Stored entries:
↓

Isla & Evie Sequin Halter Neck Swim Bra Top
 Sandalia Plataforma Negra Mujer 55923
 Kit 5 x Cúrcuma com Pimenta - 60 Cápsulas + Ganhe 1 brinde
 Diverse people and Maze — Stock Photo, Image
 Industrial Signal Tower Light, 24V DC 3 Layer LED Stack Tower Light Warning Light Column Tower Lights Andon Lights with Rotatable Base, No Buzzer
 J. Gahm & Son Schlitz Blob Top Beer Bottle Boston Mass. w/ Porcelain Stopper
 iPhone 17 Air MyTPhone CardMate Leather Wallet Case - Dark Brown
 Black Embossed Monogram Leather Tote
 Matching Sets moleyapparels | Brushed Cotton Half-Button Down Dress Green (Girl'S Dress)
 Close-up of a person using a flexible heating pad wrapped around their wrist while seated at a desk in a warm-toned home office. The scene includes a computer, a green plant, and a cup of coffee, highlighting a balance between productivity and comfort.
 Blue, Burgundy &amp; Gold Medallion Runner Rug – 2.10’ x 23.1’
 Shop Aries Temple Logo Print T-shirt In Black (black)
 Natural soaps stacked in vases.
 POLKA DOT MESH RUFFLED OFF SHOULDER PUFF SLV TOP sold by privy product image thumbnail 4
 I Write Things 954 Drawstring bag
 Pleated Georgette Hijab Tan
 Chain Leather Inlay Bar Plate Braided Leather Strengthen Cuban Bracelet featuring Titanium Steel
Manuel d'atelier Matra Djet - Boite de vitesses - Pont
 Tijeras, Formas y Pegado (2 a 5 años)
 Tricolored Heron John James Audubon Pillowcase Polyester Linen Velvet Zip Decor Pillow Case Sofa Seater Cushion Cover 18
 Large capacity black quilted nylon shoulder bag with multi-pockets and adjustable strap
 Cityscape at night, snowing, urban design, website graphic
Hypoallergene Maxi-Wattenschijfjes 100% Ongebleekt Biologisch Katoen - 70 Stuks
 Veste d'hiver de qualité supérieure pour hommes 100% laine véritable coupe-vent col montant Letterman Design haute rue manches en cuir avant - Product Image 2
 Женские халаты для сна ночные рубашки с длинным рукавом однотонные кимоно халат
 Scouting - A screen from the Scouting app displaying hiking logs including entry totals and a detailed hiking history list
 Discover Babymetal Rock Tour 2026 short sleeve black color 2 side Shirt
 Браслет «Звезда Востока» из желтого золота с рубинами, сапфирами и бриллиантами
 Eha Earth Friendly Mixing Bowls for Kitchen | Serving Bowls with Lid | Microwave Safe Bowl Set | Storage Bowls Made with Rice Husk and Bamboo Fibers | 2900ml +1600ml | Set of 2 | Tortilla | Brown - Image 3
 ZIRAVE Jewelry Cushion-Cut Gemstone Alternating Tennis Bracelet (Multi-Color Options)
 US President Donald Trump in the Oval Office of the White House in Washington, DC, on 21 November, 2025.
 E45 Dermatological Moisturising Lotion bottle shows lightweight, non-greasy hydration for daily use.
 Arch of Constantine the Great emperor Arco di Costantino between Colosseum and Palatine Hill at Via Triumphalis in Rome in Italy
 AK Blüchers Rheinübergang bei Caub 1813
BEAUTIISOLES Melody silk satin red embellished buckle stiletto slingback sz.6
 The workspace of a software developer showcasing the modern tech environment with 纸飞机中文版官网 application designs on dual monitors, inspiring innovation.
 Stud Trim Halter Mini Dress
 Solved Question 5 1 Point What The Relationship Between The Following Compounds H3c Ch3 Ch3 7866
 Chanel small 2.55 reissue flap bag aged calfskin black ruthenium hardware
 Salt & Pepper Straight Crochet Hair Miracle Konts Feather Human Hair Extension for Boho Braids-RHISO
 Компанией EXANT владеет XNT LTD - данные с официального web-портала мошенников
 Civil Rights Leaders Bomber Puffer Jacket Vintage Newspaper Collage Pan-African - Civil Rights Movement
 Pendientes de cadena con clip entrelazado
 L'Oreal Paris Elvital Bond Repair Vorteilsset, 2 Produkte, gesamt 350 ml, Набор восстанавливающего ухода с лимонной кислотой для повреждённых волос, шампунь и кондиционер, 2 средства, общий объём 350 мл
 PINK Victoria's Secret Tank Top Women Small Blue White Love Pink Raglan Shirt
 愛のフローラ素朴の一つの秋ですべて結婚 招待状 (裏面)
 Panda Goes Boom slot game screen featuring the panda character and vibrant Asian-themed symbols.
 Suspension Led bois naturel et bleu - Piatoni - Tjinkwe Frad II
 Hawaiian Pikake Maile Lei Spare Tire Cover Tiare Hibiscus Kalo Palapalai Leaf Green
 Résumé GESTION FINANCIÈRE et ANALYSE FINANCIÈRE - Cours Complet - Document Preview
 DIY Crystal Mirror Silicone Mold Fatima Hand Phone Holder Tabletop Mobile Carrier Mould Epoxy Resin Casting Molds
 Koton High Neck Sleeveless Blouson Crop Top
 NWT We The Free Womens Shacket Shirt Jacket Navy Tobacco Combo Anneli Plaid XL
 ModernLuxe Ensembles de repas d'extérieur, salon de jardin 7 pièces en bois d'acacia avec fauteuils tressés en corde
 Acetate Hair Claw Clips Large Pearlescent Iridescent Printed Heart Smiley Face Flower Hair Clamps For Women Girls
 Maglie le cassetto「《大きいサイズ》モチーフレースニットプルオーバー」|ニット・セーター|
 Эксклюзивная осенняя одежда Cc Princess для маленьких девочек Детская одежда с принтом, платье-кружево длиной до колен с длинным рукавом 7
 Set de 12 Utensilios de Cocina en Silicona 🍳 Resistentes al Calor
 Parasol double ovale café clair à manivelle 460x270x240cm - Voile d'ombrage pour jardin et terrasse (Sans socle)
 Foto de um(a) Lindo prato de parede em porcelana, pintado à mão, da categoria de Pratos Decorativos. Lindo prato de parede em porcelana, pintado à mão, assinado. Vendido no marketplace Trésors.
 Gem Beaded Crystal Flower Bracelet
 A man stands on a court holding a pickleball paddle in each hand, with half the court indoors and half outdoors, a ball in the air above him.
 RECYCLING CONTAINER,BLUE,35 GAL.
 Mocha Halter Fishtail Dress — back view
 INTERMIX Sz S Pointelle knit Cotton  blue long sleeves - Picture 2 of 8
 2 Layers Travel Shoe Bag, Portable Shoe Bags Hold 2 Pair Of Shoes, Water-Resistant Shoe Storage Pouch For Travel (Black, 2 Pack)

↑

**EXERCISE:** Once you have read the records, repeat them all exactly.

**ANSWER TO THIS PROBLEM:**
Isla & Evie Sequin Halter Neck Swim Bra Top
 Sandalia Plataforma Negra Mujer 55923
 Kit 5 x Cúrcuma com Pimenta - 60 Cápsulas + Ganhe 1 brinde
 Diverse people and Maze — Stock Photo, Image
 Industrial Signal Tower Light, 24V DC 3 Layer LED Stack Tower Light Warning Light Column Tower Lights Andon Lights with Rotatable Base, No Buzzer
 J. Gahm & Son Schlitz Blob Top Beer Bottle Boston Mass. w/ Porcelain Stopper
 iPhone 17 Air MyTPhone CardMate Leather Wallet Case - Dark Brown
 Black Embossed Monogram Leather Tote
 Matching Sets moleyapparels | Brushed Cotton Half-Button Down Dress Green (Girl'S Dress)
 Close-up of a person using a flexible heating pad wrapped around their wrist while seated at a desk in a warm-toned home office. The scene includes a computer, a green plant, and a cup of coffee, highlighting a balance between productivity and comfort.
 Blue, Burgundy &amp; Gold Medallion Runner Rug – 2.10’ x 23.1’
 Shop Aries Temple Logo Print T-shirt In Black (black)
 Natural soaps stacked in vases.
 POLKA DOT MESH RUFFLED OFF SHOULDER PUFF SLV TOP sold by privy product image thumbnail 4
 I Write Things 954 Drawstring bag
 Pleated Georgette Hijab Tan
 Chain Leather Inlay Bar Plate Braided Leather Strengthen Cuban Bracelet featuring Titanium Steel
Manuel d'atelier Matra Djet - Boite de vitesses - Pont
 Tijeras, Formas y Pegado (2 a 5 años)
 Tricolored Heron John James Audubon Pillowcase Polyester Linen Velvet Zip Decor Pillow Case Sofa Seater Cushion Cover 18
 Large capacity black quilted nylon shoulder bag with multi-pockets and adjustable strap
 Cityscape at night, snowing, urban design, website graphic
Hypoallergene Maxi-Wattenschijfjes 100% Ongebleekt Biologisch Katoen - 70 Stuks
 Veste d'hiver de qualité supérieure pour hommes 100% laine véritable coupe-vent col montant Letterman Design haute rue manches en cuir avant - Product Image 2
 Женские халаты для сна ночные рубашки с длинным рукавом однотонные кимоно халат
 Scouting - A screen from the Scouting app displaying hiking logs including entry totals and a detailed hiking history list
 Discover Babymetal Rock Tour 2026 short sleeve black color 2 side Shirt
 Браслет «Звезда Востока» из желтого золота с рубинами, сапфирами и бриллиантами
 Eha Earth Friendly Mixing Bowls for Kitchen | Serving Bowls with Lid | Microwave Safe Bowl Set | Storage Bowls Made with Rice Husk and Bamboo Fibers | 2900ml +1600ml | Set of 2 | Tortilla | Brown - Image 3
 ZIRAVE Jewelry Cushion-Cut Gemstone Alternating Tennis Bracelet (Multi-Color Options)
 US President Donald Trump in the Oval Office of the White House in Washington, DC, on 21 November, 2025.
 E45 Dermatological Moisturising Lotion bottle shows lightweight, non-greasy hydration for daily use.
 Arch of Constantine the Great emperor Arco di Costantino between Colosseum and Palatine Hill at Via Triumphalis in Rome in Italy
 AK Blüchers Rheinübergang bei Caub 1813
BEAUTIISOLES Melody silk satin red embellished buckle stiletto slingback sz.6
 The workspace of a software developer showcasing the modern tech environment with 纸飞机中文版官网 application designs on dual monitors, inspiring innovation.
 Stud Trim Halter Mini Dress
 Solved Question 5 1 Point What The Relationship Between The Following Compounds H3c Ch3 Ch3 7866
 Chanel small 2.55 reissue flap bag aged calfskin black ruthenium hardware
 Salt & Pepper Straight Crochet Hair Miracle Konts Feather Human Hair Extension for Boho Braids-RHISO
 Компанией EXANT владеет XNT LTD - данные с официального web-портала мошенников
 Civil Rights Leaders Bomber Puffer Jacket Vintage Newspaper Collage Pan-African - Civil Rights Movement
 Pendientes de cadena con clip entrelazado
 L'Oreal Paris Elvital Bond Repair Vorteilsset, 2 Produkte, gesamt 350 ml, Набор восстанавливающего ухода с лимонной кислотой для повреждённых волос, шампунь и кондиционер, 2 средства, общий объём 350 мл
 PINK Victoria's Secret Tank Top Women Small Blue White Love Pink Raglan Shirt
 愛のフローラ素朴の一つの秋ですべて結婚 招待状 (裏面)
 Panda Goes Boom slot game screen featuring the panda character and vibrant Asian-themed symbols.
 Suspension Led bois naturel et bleu - Piatoni - Tjinkwe Frad II
 Hawaiian Pikake Maile Lei Spare Tire Cover Tiare Hibiscus Kalo Palapalai Leaf Green
 Résumé GESTION FINANCIÈRE et ANALYSE FINANCIÈRE - Cours Complet - Document Preview
 DIY Crystal Mirror Silicone Mold Fatima Hand Phone Holder Tabletop Mobile Carrier Mould Epoxy Resin Casting Molds
 Koton High Neck Sleeveless Blouson Crop Top
 NWT We The Free Womens Shacket Shirt Jacket Navy Tobacco Combo Anneli Plaid XL
 ModernLuxe Ensembles de repas d'extérieur, salon de jardin 7 pièces en bois d'acacia avec fauteuils tressés en corde
 Acetate Hair Claw Clips Large Pearlescent Iridescent Printed Heart Smiley Face Flower Hair Clamps For Women Girls
 Maglie le cassetto「《大きいサイズ》モチーフレースニットプルオーバー」|ニット・セーター|
 Эксклюзивная осенняя одежда Cc Princess для маленьких девочек Детская одежда с принтом, платье-кружево длиной до колен с длинным рукавом 7
 Set de 12 Utensilios de Cocina en Silicona 🍳 Resistentes al Calor
 Parasol double ovale café clair à manivelle 460x270x240cm - Voile d'ombrage pour jardin et terrasse (Sans socle)
 Foto de um(a) Lindo prato de parede em porcelana, pintado à mão, da categoria de Pratos Decorativos. Lindo prato de parede em porcelana, pintado à mão, assinado. Vendido no marketplace Trésors.
 Gem Beaded Crystal Flower Bracelet
 A man stands on a court holding a pickleball paddle in each hand, with half the court indoors and half outdoors, a ball in the air above him.
 RECYCLING CONTAINER,BLUE,35 GAL.
 Mocha Halter Fishtail Dress — back view
 INTERMIX Sz S Pointelle knit Cotton  blue long sleeves - Picture 2 of 8
 2 Layers Travel Shoe Bag, Portable Shoe Bags Hold 2 Pair Of Shoes, Water-Resistant Shoe Storage Pouch For Travel (Black, 2 Pack)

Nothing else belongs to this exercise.